Work item - For the data below, give again exactly the lines from the one containing "Used JAC Group" through the one containing "Photo 4 of Unit", both ends included, and no others.

Given records -
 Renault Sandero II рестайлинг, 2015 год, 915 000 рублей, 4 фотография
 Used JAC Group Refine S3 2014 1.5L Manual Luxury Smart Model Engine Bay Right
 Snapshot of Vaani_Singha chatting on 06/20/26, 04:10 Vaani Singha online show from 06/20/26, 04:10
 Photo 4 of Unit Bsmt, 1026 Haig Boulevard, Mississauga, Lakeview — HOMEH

--

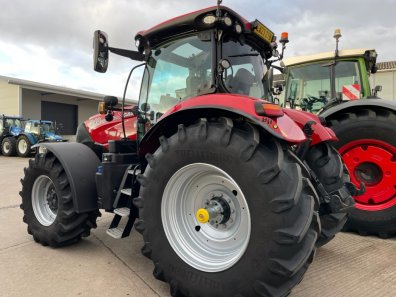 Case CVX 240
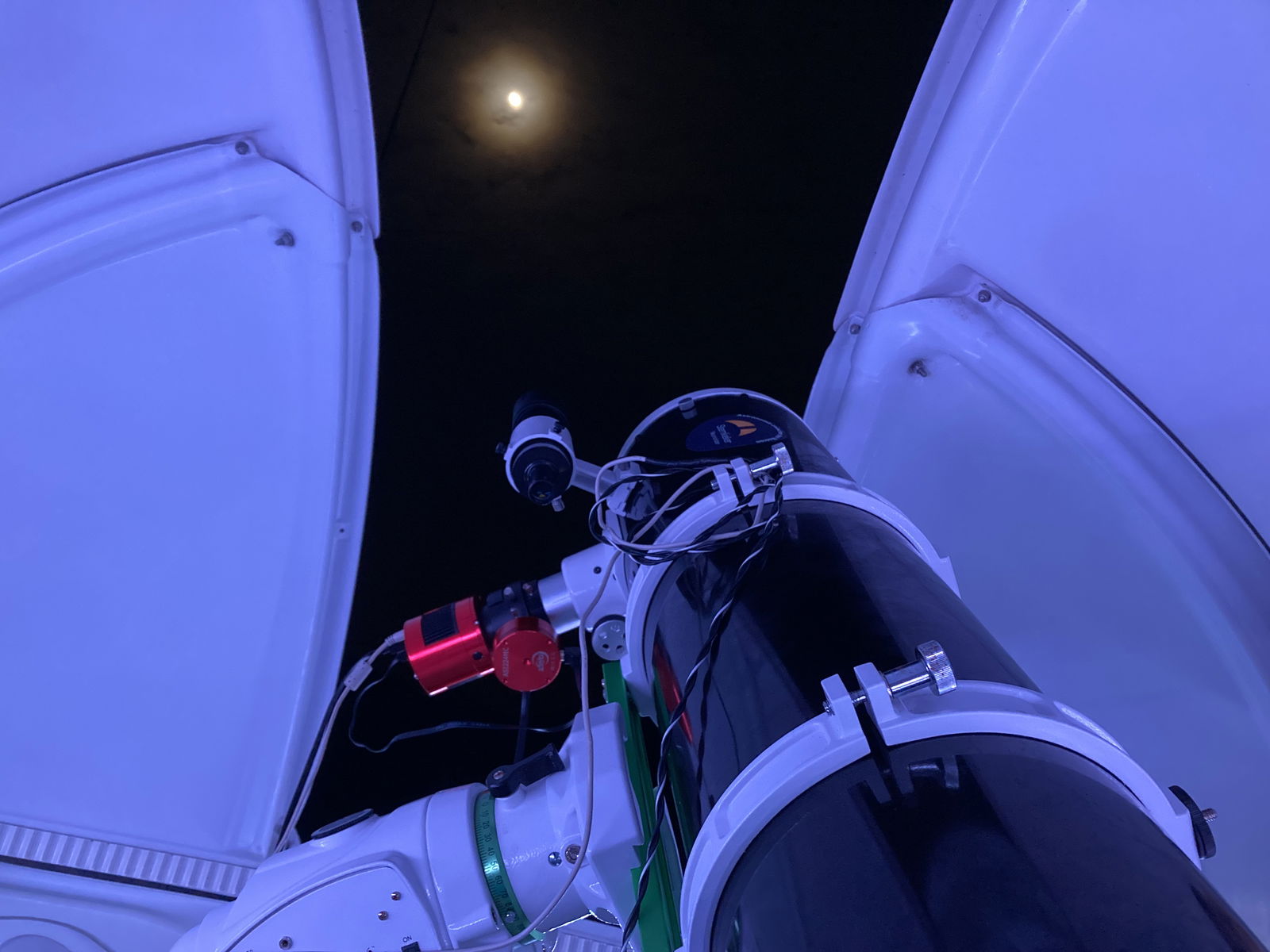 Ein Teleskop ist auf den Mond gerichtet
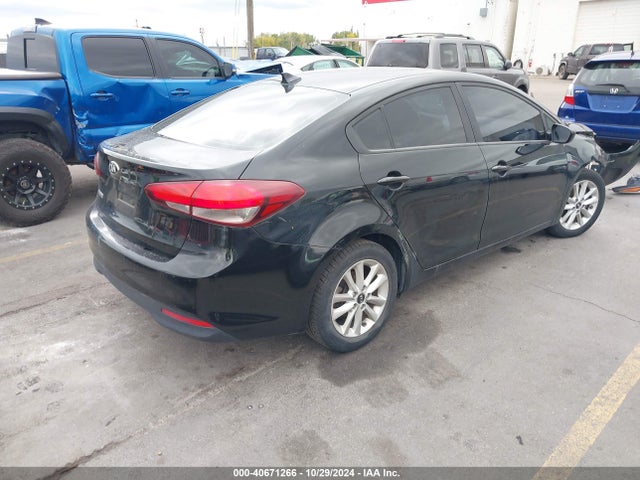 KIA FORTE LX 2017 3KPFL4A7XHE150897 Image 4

==

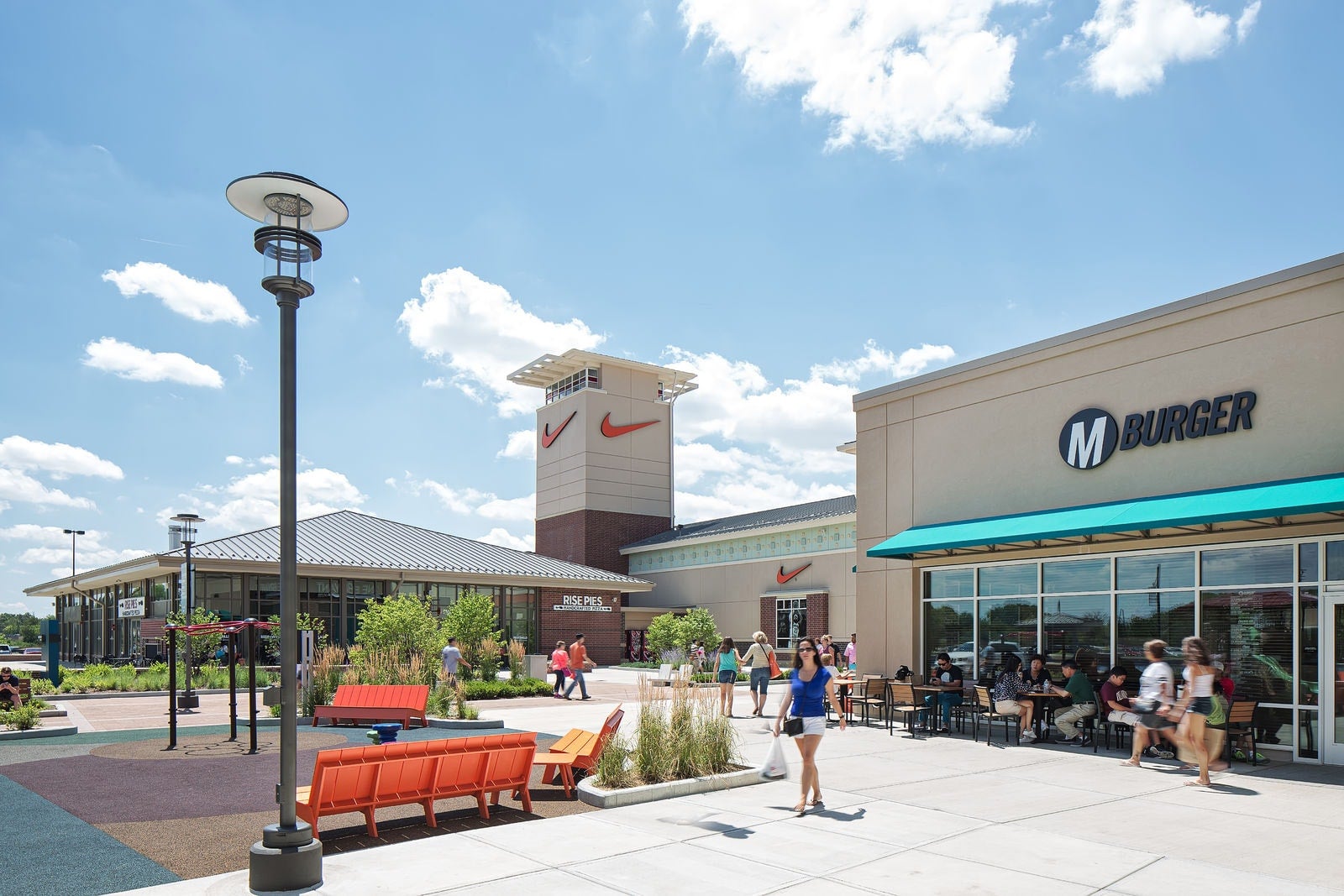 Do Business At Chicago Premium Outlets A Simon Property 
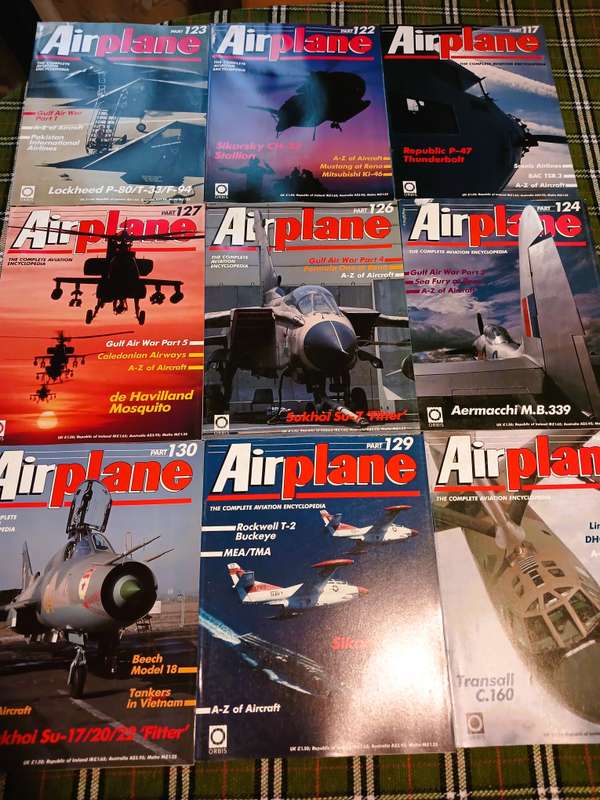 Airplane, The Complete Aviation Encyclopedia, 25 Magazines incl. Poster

Task response -
 Used JAC Group Refine S3 2014 1.5L Manual Luxury Smart Model Engine Bay Right
 Snapshot of Vaani_Singha chatting on 06/20/26, 04:10 Vaani Singha online show from 06/20/26, 04:10
 Photo 4 of Unit Bsmt, 1026 Haig Boulevard, Mississauga, Lakeview — HOMEH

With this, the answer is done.